Work instruction: Without the pictures, retype exactly the lines from the top of the entries below through the line that contains "Kuvassa on osa".

——————

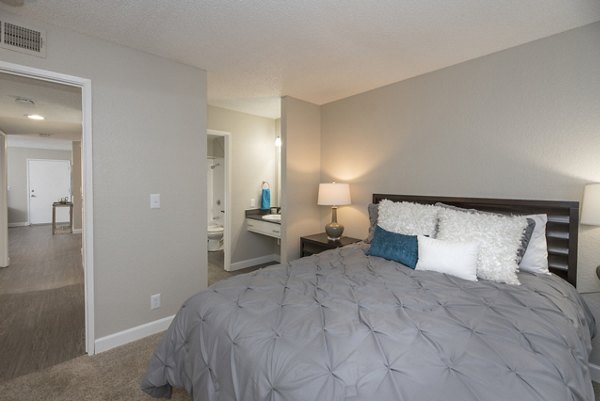 The Hills Apartments: Modern bedroom with elegant decor and ample natural light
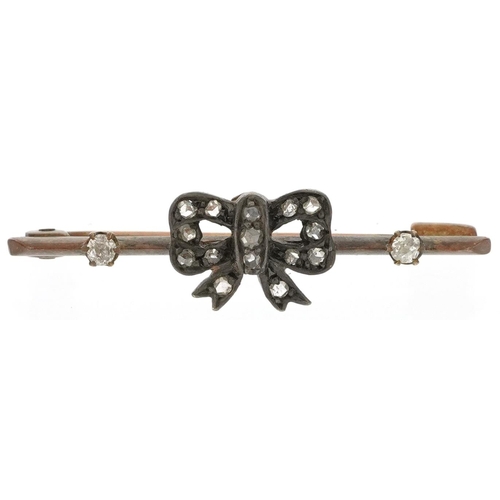 2059 - Antique unmarked gold diamond bar brooch in the form of a bow housed in a velvet and silk lined fitt... 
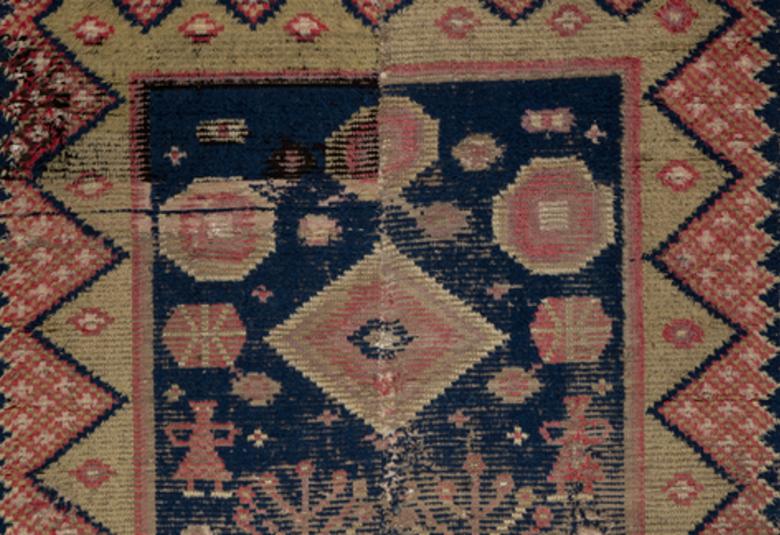 Kuvassa on osa vanhasta ryijystä, jossa on reunoissa sahalaitakuviotamustalla reunuksella ja ruskeaa tähtikuviota. Keskellä on leveä alue eialisia kuvioita vihertävällä ja ruskealla värillä.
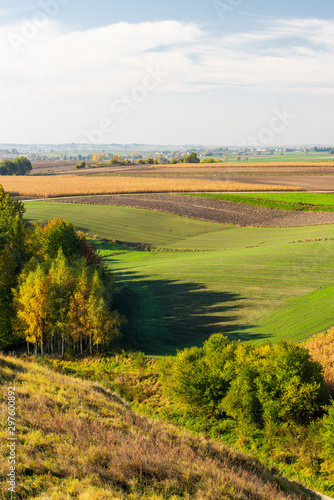 Rolling Hills in Polish Coutryside with Farm Fields at Fall Season © marcin jucha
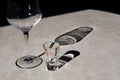 Plastic marble imitation table in restaurant terrace after dinner with empty wine glass and empty appetizer Grappa Ouzo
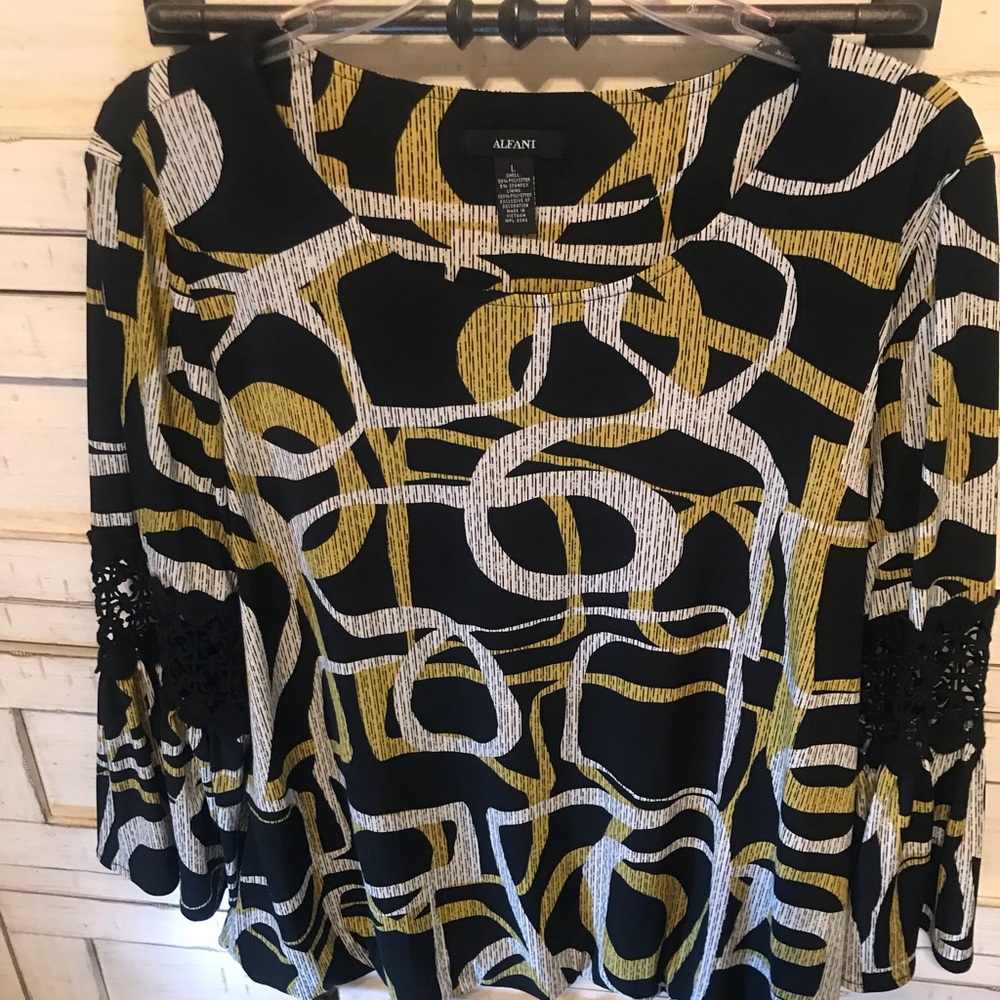 Alfani blouse with fathered bottom and lace sleeves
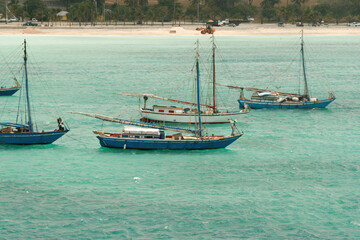 Nassau, Bahamas - April 15, 2008: Sloops are moored in the turquoise waters near the cruise port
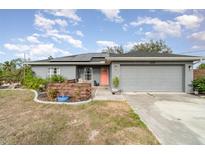Gray house with solar panels, orange door, and landscaped yard at 5956 Nyberg Rd, North Port, FL 34291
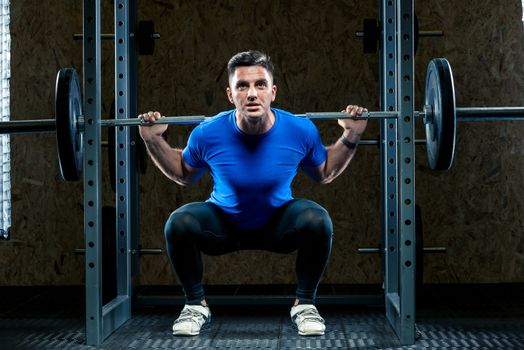 horizontal portrait of an athlete with a barbell makes an effort in the gym, a bodybuilder in training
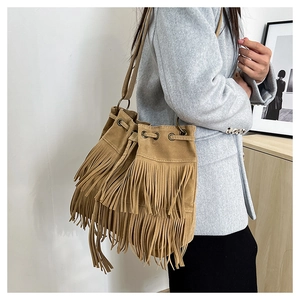 Brown suede bucket bag with long tassels and drawstring worn by a model in a home setting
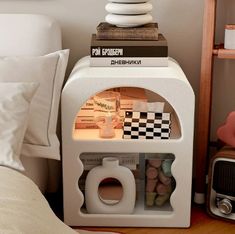 a white toilet paper dispenser sitting on top of a wooden shelf next to a bed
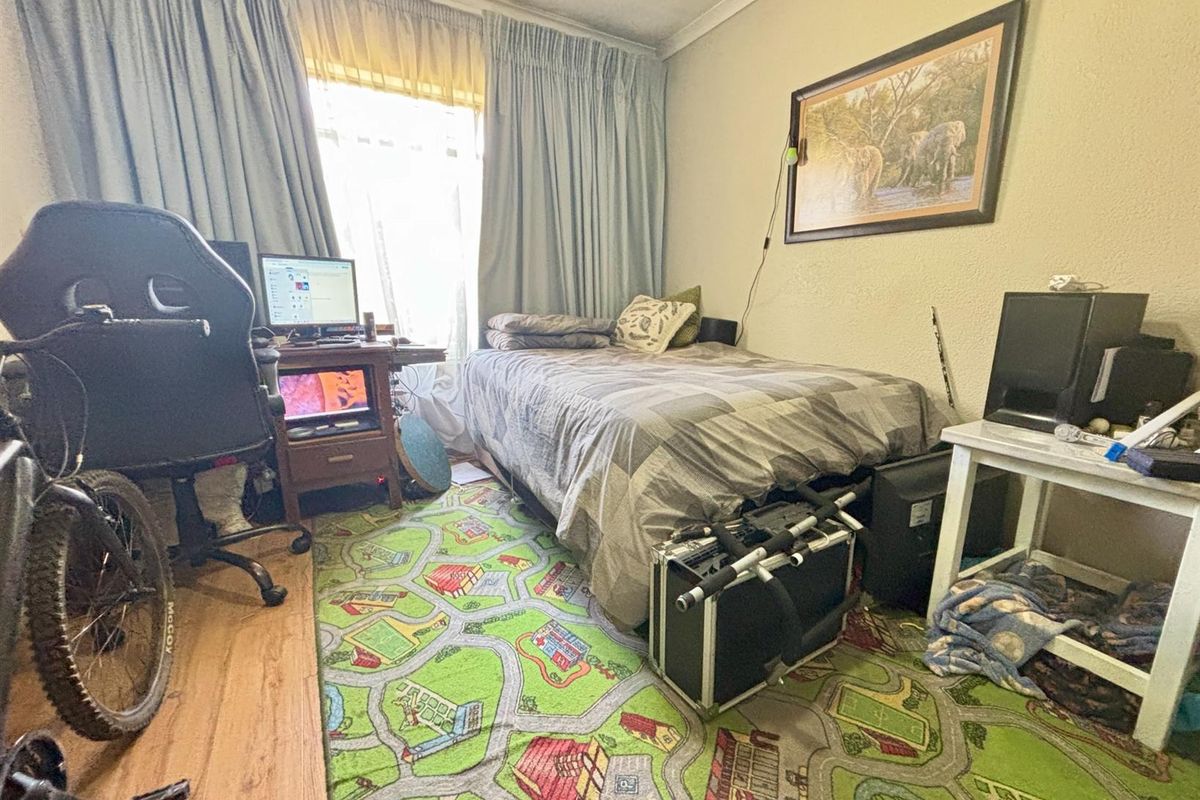 A functional bedroom featuring neutral walls, coving, and window treatments, offering a versatile space for rest or study.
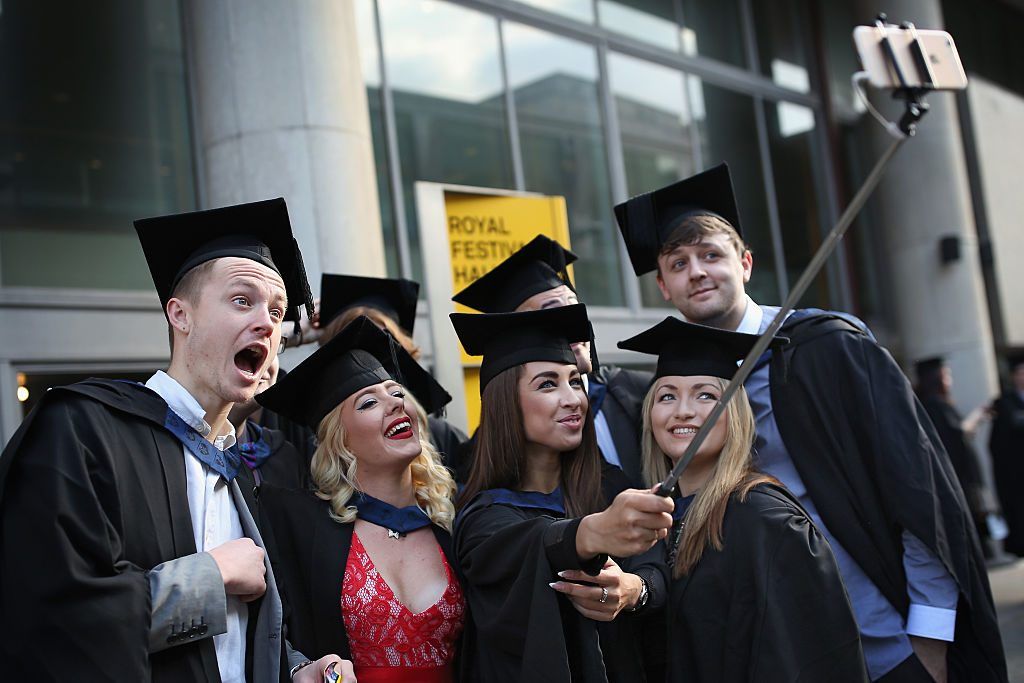 LONDON, ENGLAND - OCTOBER 13: Students take a selfie ahead of their graduation ceremony at the Royal Festival Hall on October 13, 2015 in London, England. Students of the London South Bank University's School of Arts and Creative Industries attended their graduation ceremony at the Royal Festival Hall today. (Photo by Dan Kitwood/Getty Images)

——————

Result of this exercise:
 The Hills Apartments: Modern bedroom with elegant decor and ample natural light
 2059 - Antique unmarked gold diamond bar brooch in the form of a bow housed in a velvet and silk lined fitt... 
 Kuvassa on osa vanhasta ryijystä, jossa on reunoissa sahalaitakuviotamustalla reunuksella ja ruskeaa tähtikuviota. Keskellä on leveä alue eialisia kuvioita vihertävällä ja ruskealla värillä.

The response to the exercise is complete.